*ACTION ITEM*. Everything from the line containing "Verbessern Sie Ihr PS5-Erlebnis" through the last line of the data below is to be retyped exactly, apart from the pictures.

[Opening SUPPLIED INFORMATION section]

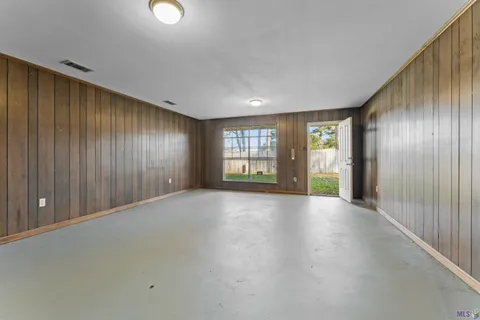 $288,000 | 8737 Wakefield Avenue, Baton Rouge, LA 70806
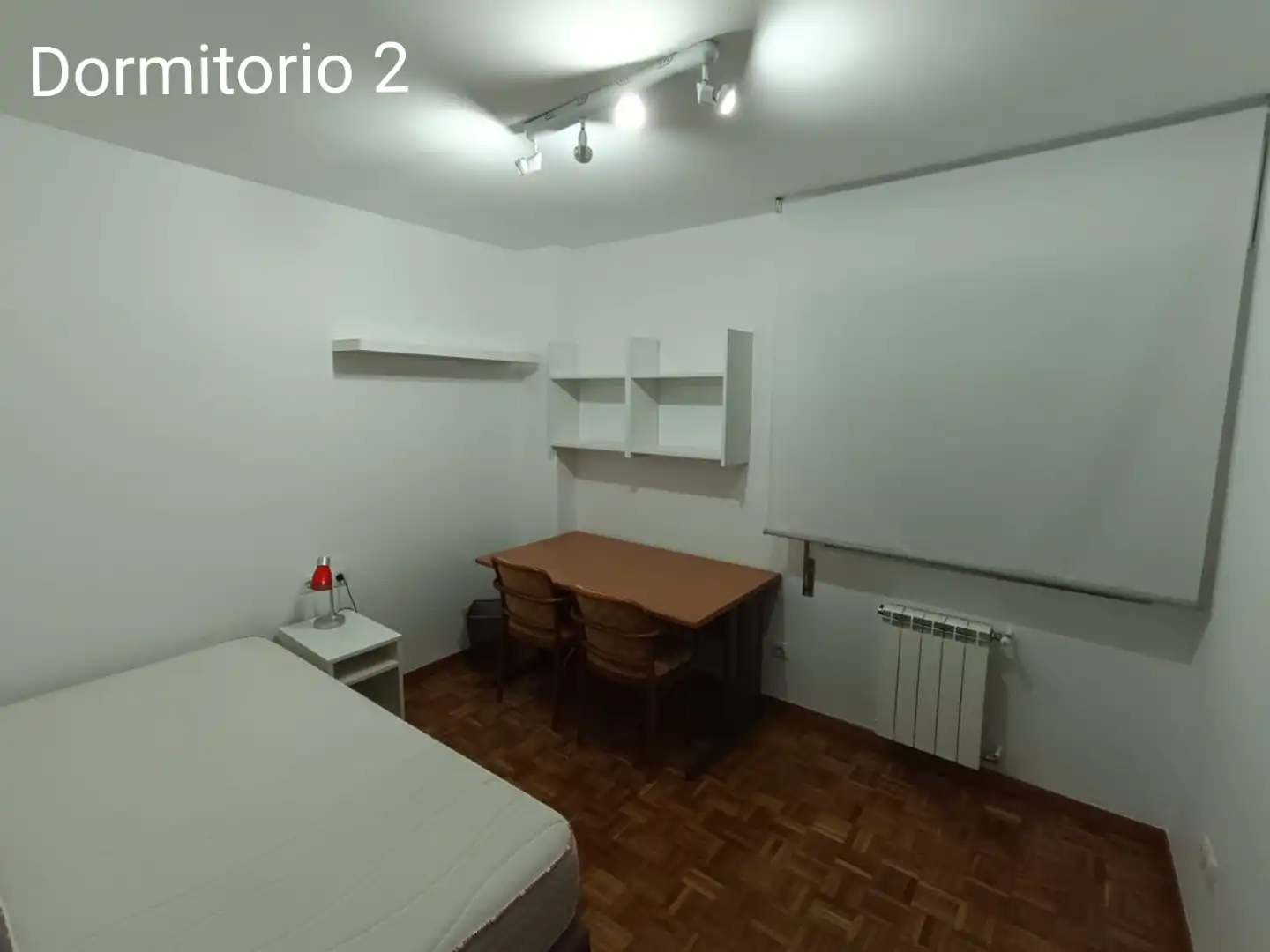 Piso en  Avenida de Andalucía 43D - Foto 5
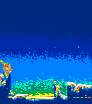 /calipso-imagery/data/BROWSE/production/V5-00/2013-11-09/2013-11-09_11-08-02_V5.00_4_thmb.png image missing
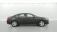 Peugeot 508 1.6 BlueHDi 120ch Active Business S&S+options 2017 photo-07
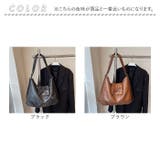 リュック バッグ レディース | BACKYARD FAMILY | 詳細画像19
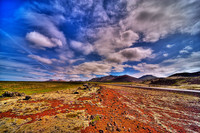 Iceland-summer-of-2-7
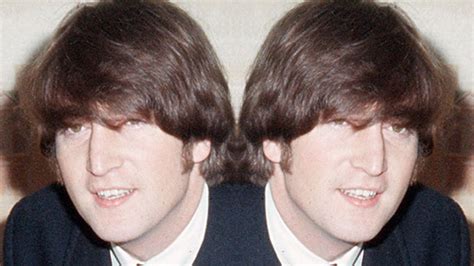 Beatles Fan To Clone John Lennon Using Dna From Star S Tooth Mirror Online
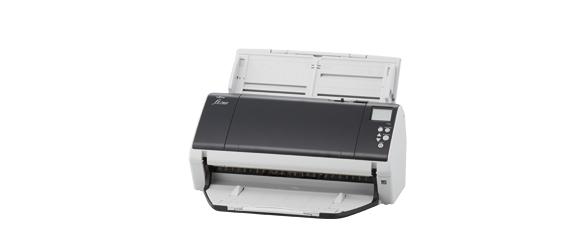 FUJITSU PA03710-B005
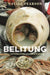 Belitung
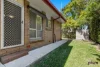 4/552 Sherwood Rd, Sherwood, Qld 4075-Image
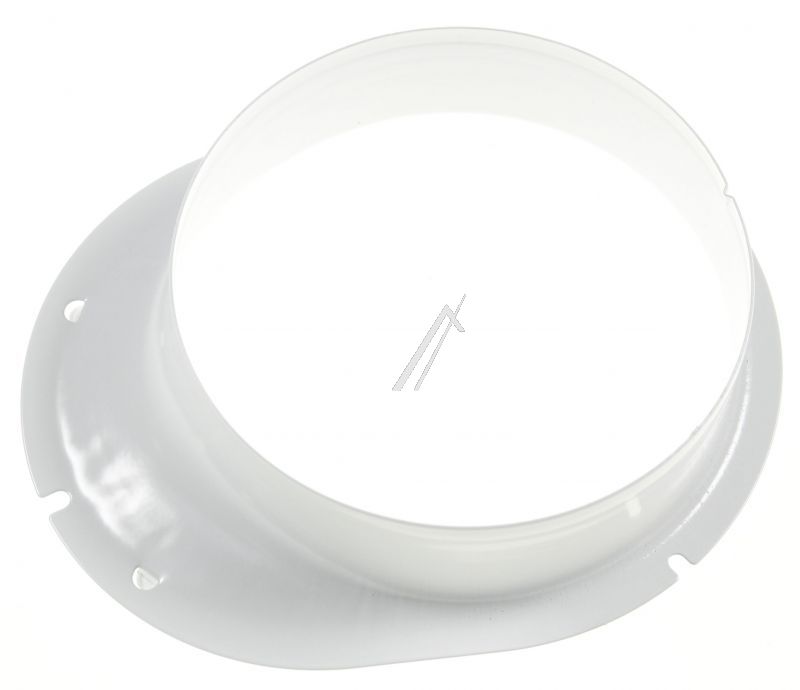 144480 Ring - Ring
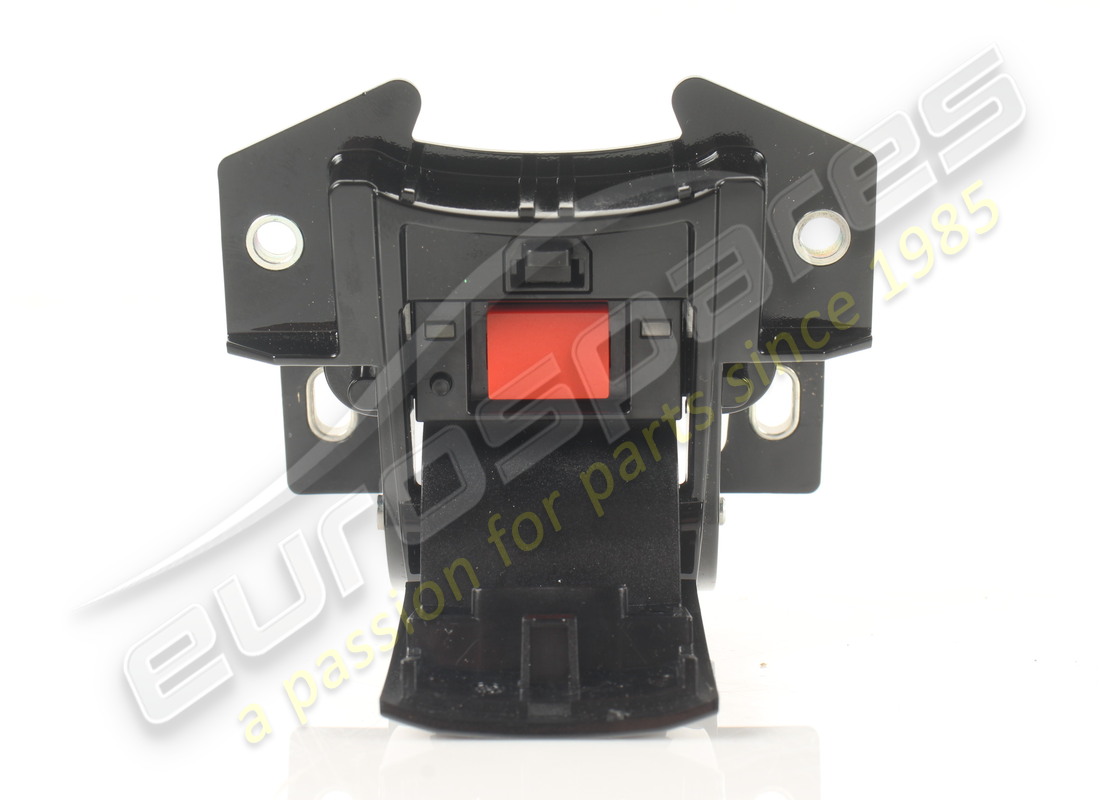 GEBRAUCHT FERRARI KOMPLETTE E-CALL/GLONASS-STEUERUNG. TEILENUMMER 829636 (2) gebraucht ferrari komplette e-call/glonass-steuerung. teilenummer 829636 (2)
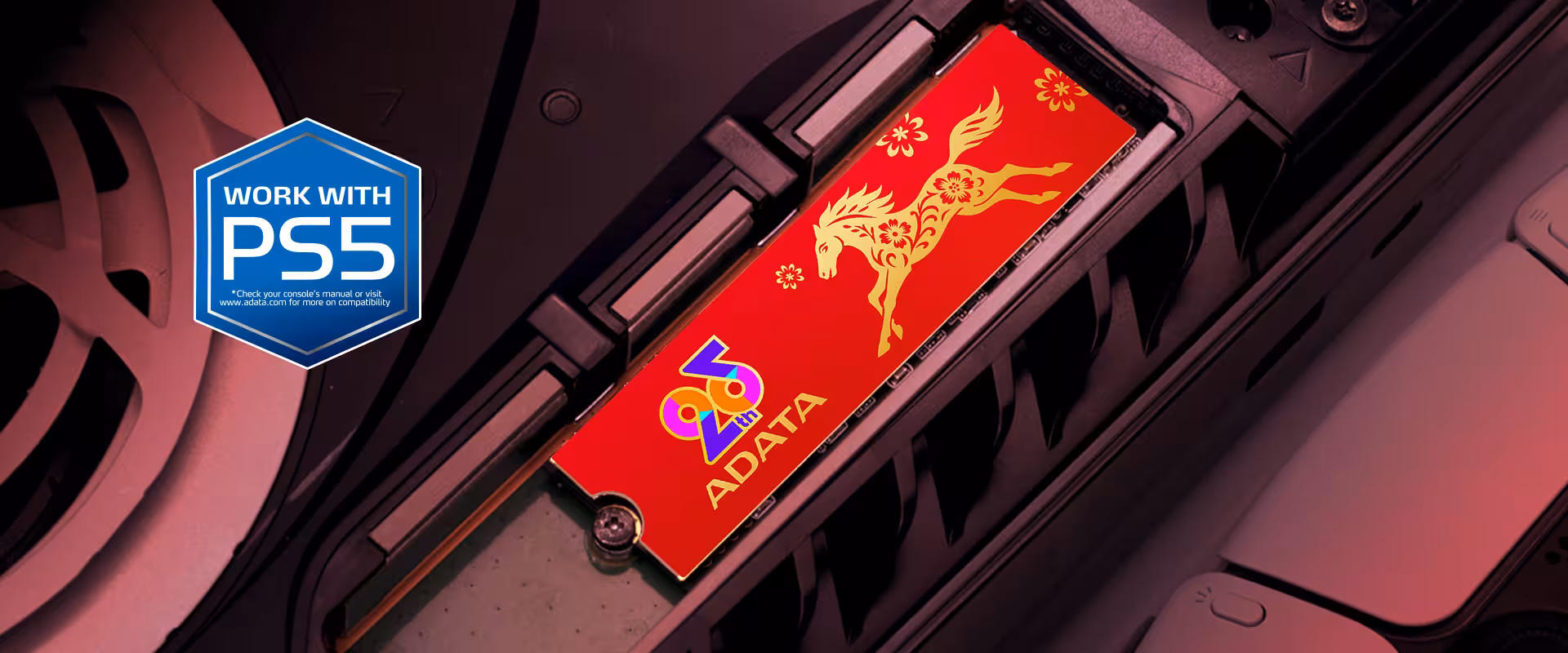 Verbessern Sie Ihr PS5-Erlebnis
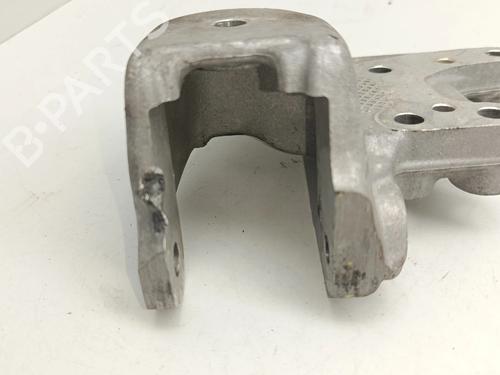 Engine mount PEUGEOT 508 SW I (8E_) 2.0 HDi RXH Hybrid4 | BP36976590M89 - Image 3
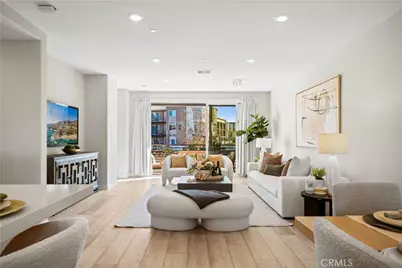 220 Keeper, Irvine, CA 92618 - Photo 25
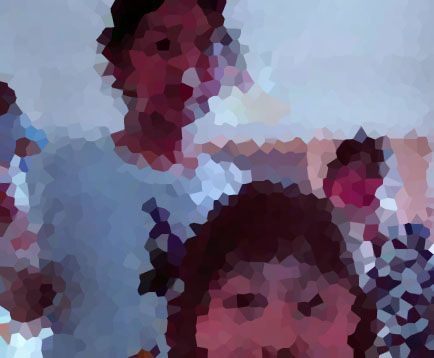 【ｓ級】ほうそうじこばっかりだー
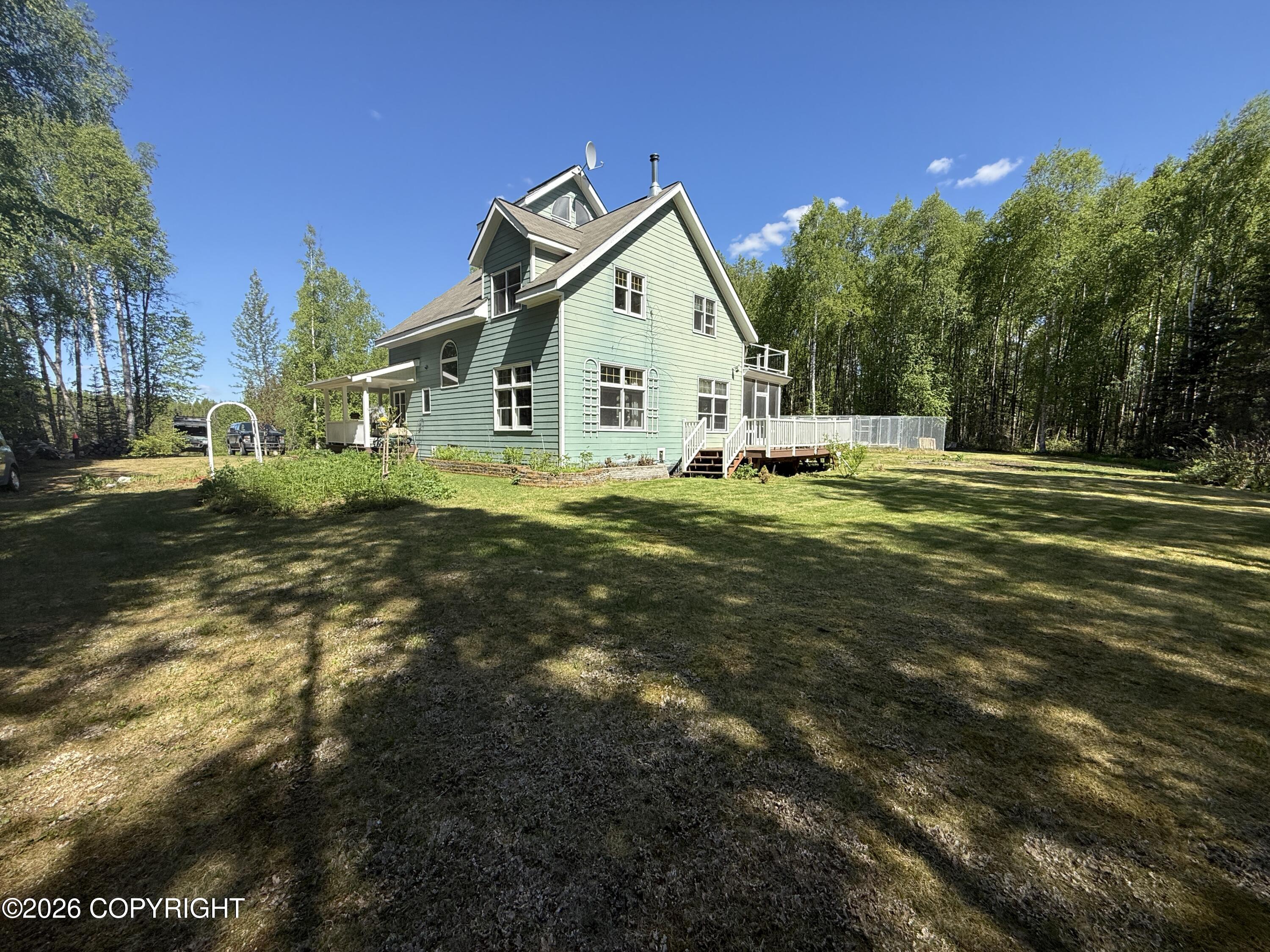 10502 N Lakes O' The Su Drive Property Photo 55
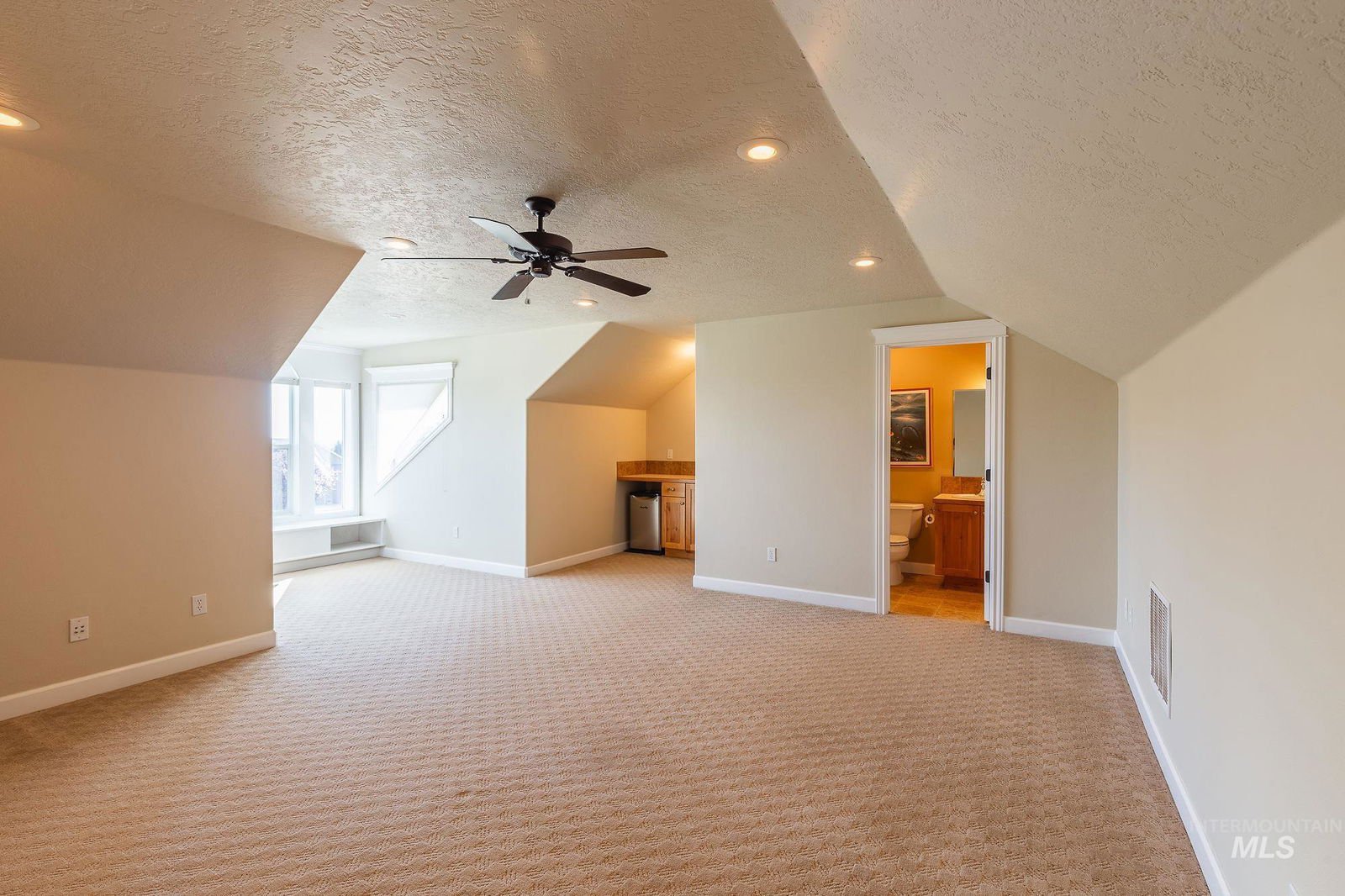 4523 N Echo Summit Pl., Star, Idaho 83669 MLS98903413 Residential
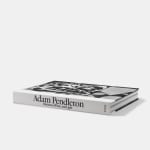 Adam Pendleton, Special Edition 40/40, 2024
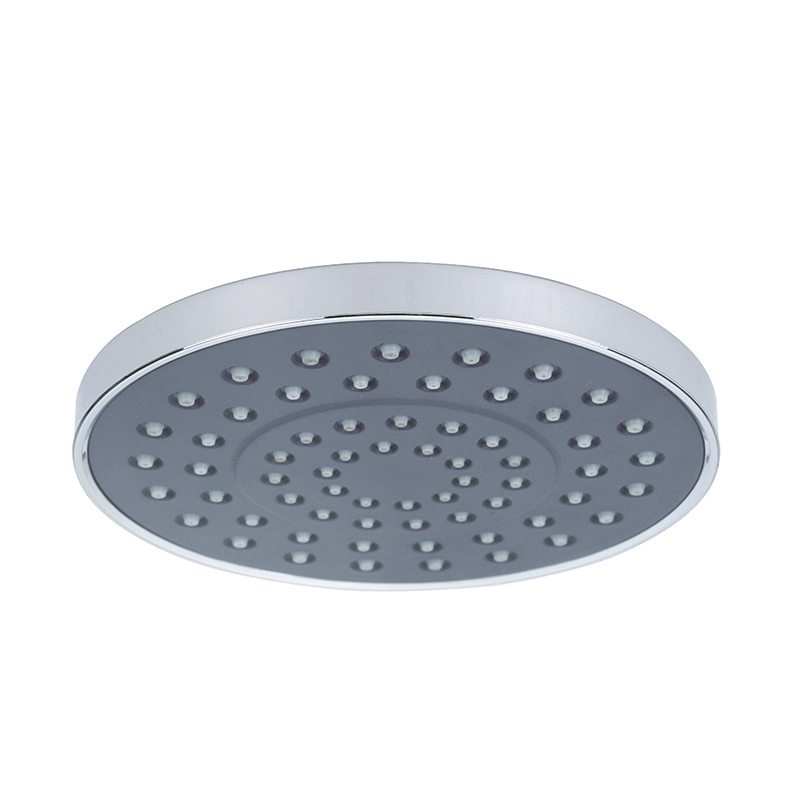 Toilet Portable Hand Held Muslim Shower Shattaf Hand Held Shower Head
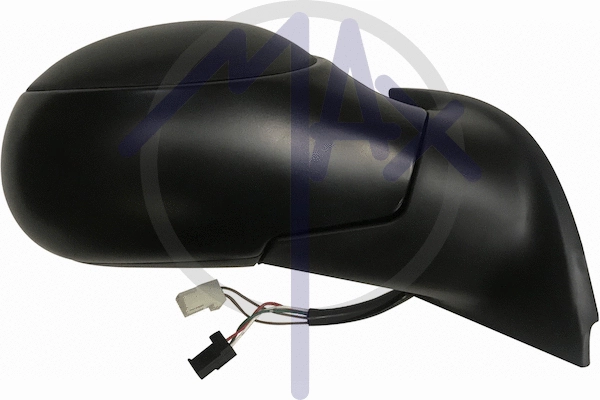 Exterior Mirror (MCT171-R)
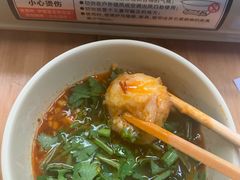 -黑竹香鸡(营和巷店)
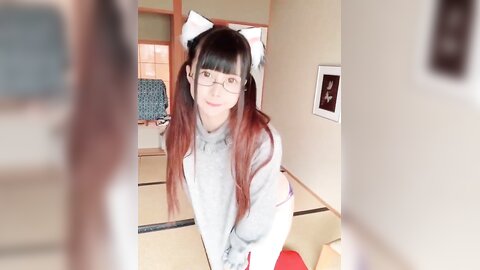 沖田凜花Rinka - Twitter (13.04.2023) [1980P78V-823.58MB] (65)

[Closing SUPPLIED INFORMATION section]

*ANSWER TO THIS TASK*.
 Verbessern Sie Ihr PS5-Erlebnis
 Engine mount PEUGEOT 508 SW I (8E_) 2.0 HDi RXH Hybrid4 | BP36976590M89 - Image 3
 220 Keeper, Irvine, CA 92618 - Photo 25
 【ｓ級】ほうそうじこばっかりだー
 10502 N Lakes O' The Su Drive Property Photo 55
 4523 N Echo Summit Pl., Star, Idaho 83669 MLS98903413 Residential
 Adam Pendleton, Special Edition 40/40, 2024
 Toilet Portable Hand Held Muslim Shower Shattaf Hand Held Shower Head
 Exterior Mirror (MCT171-R)
 -黑竹香鸡(营和巷店)
 沖田凜花Rinka - Twitter (13.04.2023) [1980P78V-823.58MB] (65)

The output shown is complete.